This isn't about F2FS being the default file-system or anything along those lines, but rather the distribution ships with no F2FS file-system kernel module support. Fedora does ship with an f2fs-tools package for providing the user-space F2FS support for creating new file-systems, etc, but the support on the kernel side is not present.
The generic Fedora Linux kernels (at least as of the latest on F21, Linux 3.17.6) goes without enabling support for building the F2FS module. Only this weekend I realized it when going to conduct some new flash-based benchmarks and was planning to use Fedora for this flash file-system comparison and started only to realize its generic kernel lacks this support. Ubuntu and other Linux distributions meanwhile have long shipped with the F2FS module being built.

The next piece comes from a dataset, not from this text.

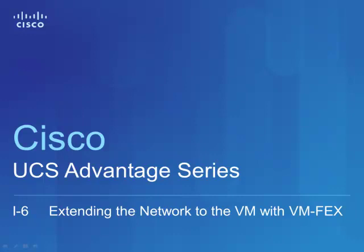Hi, my name is Jeff Silverman. I'm a Technical Solutions Architect with Cisco's Server Access and Virtualization Group.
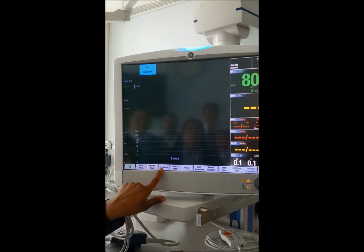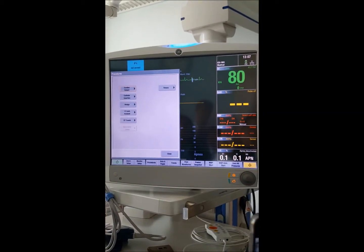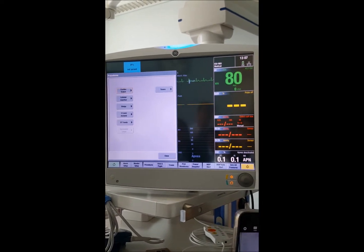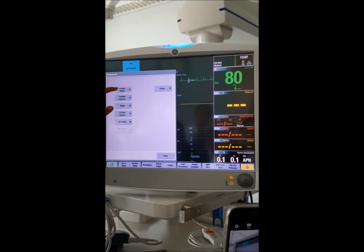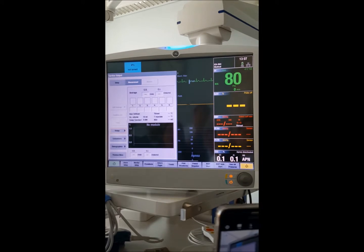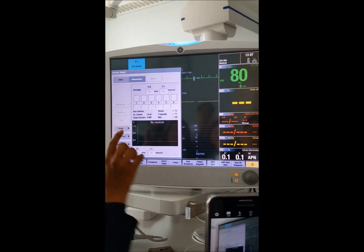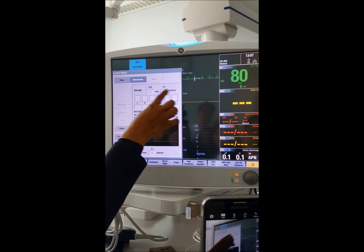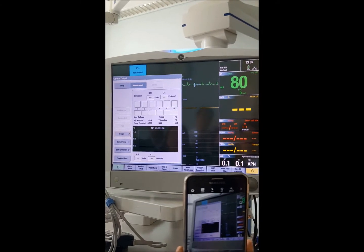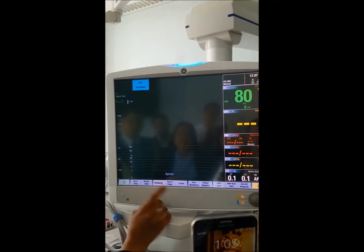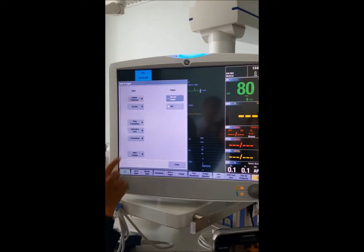For cardiac output, we use the Swan-Ganz catheter method — the same cable and method. When you inject through the catheter, just press and you get your waveform and readings automatically on the screen. That is the cardiac output feature, which is commonly used in the ICU.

There have been multiple Fedora bug reports as Bug #922966 and Bug #972446 but the issue comes down to the distribution maintainers having no plans to enable the F2FS support within the kernel, thus the bugs get marked as "CLOSED WONTFIX". While Fedora users can always resort to building their own kernels the way they wish, I find this rather surprising given that Fedora long has shipped with experimental features from the optional Wayland support to being one of the first distributions with optional install-time support for Btrfs and other early Btrfs functionality, among many other firsts for Fedora in the Linux world.
Have you played around with F2FS at all? Share your experiences within the forum. While still an experimental file-system, in all of my F2FS benchmarks since its introduction into the mainline kernel have been quite good and this originally Samsung sponsored file-system has shown much promise for being an interesting Linux flash file-system for the future.